No nuclear agreement has more onerous EIF provisions than the CTBT, which attests to the reluctance of the P-5 to accept what President Bill Clinton called "the longest-sought, hardest-fought prize in arms control history." By comparison, the Chemical Weapons Convention required the deposit of 65 instruments of ratification, and the NPT simply required the deposit of instruments of ratification by the United Kingdom, United States, and USSR, along with 40 other countries. Securing comparable EIF procedures for the CTBT and avoiding the treaty's extended limbo would have required Clinton's strenuous, early, and sustained efforts. Instead, Clinton put off consideration of EIF provisions until the very end of negotiations, when he succeeded in convincing British Prime Minister John Major to be more flexible. Then, instead of making other phone calls, Clinton quickly threw in the towel. The hour was late, and the time had come, in the view of the president and his advisers, to orchestrate a treaty signing ceremony at the United Nations.
The P-5 signed the CTBT on September 24, 1996, thereby incurring the obligation under international law not to undercut the treaty's objectives and purposes pending its entry into force or until renunciation of their treaty commitments. Two of the five, China and the United States, have yet to deposit their instruments of ratification. The Senate refused to consent to ratification in 1999-a sad tale recounted below-and China's legislature continues to consider this matter at a snail-like pace.
Even if Washington and Beijing were to join the 144 other capitals that have ratified the CTBT, other prominent holdouts may not follow suit. Despite the international community's best efforts, India and Pakistan refused to sign the treaty after testing nuclear devices. This reluctance either reflects lingering domestic constraints against doing so, the intention to test again after a suitable interval, or both. Other holdouts, which include Egypt, Iran, and Israel, as well as North Korea, which broke a global moratorium on nuclear testing that had lasted for eight and a half years after the Indian and Pakistani tests, may be expected to seek inducements and conditions that the EIF procedures invite. Rarely in the history of nuclear negotiations has a provision ostensibly designed to rope in stragglers given them so much bargaining leverage or mischief-making potential.

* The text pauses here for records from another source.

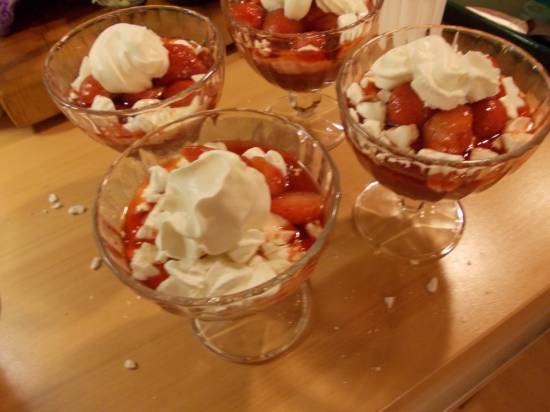 Rabarber aardbeien dessert met kersensap en meringue recept ...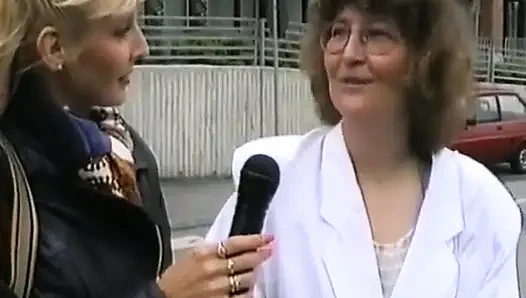 Beyaz iç çamaşırlı olgun Alman bayan solo oyuncu seçmelerinde parmaklıyor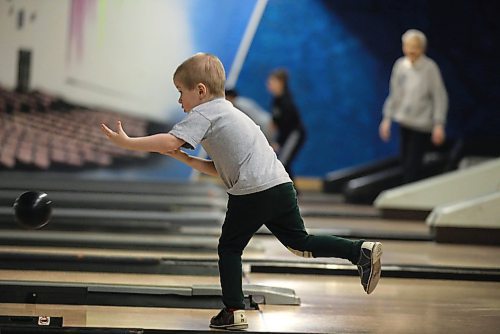 RUTH BONNEVILLE / WINNIPEG FREE PRESS

Jonas  Dredger  (3YRS), throws his bowling ball  down the lane at Academy Bowling Lanes while hanging out with his older brother Felix (6yrs) and dad, Cameron,, during Spring Break Tuesday. 

Standup photo 

March 27,  2018
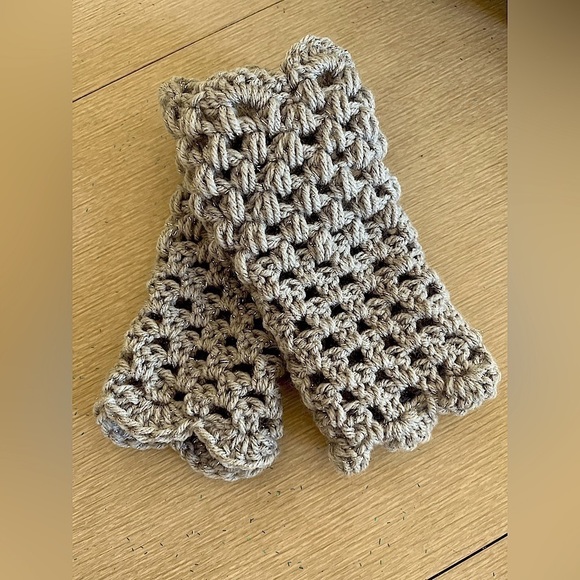 “ICE CASTLES” CROCHETED FINGERLESS GLOVES AND EAR WARMER SET - Picture 3 of 9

The CTBT and the Indian and Pakistani Tests
Many Indian supporters of the CTBT argued that it would help reduce the shadow cast by nuclear weapons over international politics, thereby advancing India's long-standing goal of nuclear abolition. This and other arguments fell on deaf ears. India's test of a nuclear device in 1974 was more of a physics experiment than a workable bomb design, and India's nuclear enclave was chafing at the bit. If ever there was a juncture to break free of New Delhi's decades-long ambivalence regarding nuclear weapons, it was, paradoxically, at a time of progress to prevent proliferation and to end nuclear testing permanently. The timing of India's decision to test depended on the election of a coalition government led by a party with enough nerve to break out of this box. That government took office in March 1998, led by the Bharatiya Janata Party's (BJP) two most senior politicians, Prime Minister Atal Bihari Vajpayee and Deputy Prime Minister L.K. Advani. When India finally decided to test, it was almost a foregone conclusion that Pakistan would follow suit.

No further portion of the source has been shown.